Older U.S. residents were more likely to be working or looking for work in 2003 than they were in 2002.[@@]
When Sara Rix, a researcher at the AARP Public Policy Institute, Washington, analyzed the latest figures on employed and unemployed members of the U.S. labor force from the federal Bureau of Labor Statistics, she found that the participation rate for workers who were at least 55 increased to 35.7%, from 34.5% in 2002.
The growth rate was faster for workers ages 65 and over, Rix writes in a report on the analysis.
The participation rate increased to 27.4%, from 26.1%, for workers ages 65 to 69; to 14.6%, from 14%, for workers ages 70 to 74; and to 5.8%, from 5.1%, for workers ages 75 and over.
The gain was most dramatic for women ages 65 to 69. Their labor participation rate jumped to 22.7%, from 20.8%.

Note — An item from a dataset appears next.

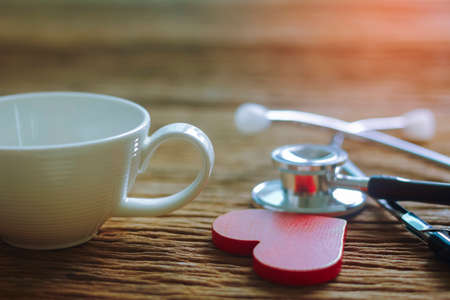 Empty white cup with wooden heart on wooden tableの写真素材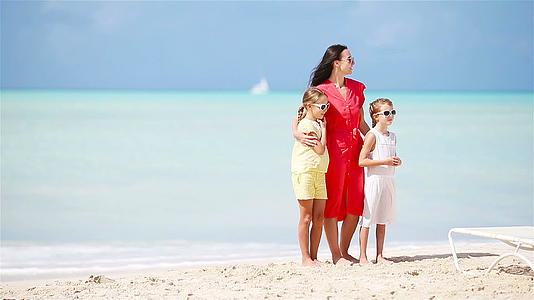 年轻美丽的母亲和可爱的小女儿在热带海滩玩得很开心视频的预览图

The increase in older workers’ participation in the labor force emerged even as a weak economy cut the participation rate for workers under 55 to 78.2%, from 78.7%.
Some economists are predicting that the Social Security trust fund and private retirement plans will be stronger than expected because many Americans will work past the “normal” retirement age.
A November 2003 AARP survey found that 20% of all retires over age 54 and 5% of retirees over age 64 were thinking about returning to work because of the recent performance of their investments.
But Rix notes that a big expansion in the percentage of older Americans who work might require a change in employer attitudes as well as a change in older Americans’ interest in working.
“Age continues to work against many older men and women in the labor force, as evidenced by the length of time it takes so many who have become unemployed to find work,” Rix writes.
The average duration of unemployment was 18.4 weeks for job seekers under age 55 and 25.5 weeks for workers over age 54, Rix writes.